= WHAT IS EXPECTED =
Set down exactly the lines in the records below that run from the line with "When Charlotte &" to the line with "This gorgeous couple", inclusive, and nothing more.

= DATA FOR ANALYSIS =
--

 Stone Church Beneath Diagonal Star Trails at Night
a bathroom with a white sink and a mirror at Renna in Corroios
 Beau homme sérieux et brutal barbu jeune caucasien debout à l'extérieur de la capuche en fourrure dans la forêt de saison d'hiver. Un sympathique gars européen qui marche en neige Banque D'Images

--

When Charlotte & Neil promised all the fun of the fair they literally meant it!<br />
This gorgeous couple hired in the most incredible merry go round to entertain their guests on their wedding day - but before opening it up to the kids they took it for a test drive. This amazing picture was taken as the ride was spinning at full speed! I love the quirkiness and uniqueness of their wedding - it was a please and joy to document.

--

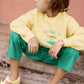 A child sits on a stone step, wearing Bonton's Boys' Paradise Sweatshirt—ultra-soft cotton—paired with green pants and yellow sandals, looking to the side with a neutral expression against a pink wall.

--

= EXERCISE ANSWER =
When Charlotte & Neil promised all the fun of the fair they literally meant it!<br />
This gorgeous couple hired in the most incredible merry go round to entertain their guests on their wedding day - but before opening it up to the kids they took it for a test drive. This amazing picture was taken as the ride was spinning at full speed! I love the quirkiness and uniqueness of their wedding - it was a please and joy to document.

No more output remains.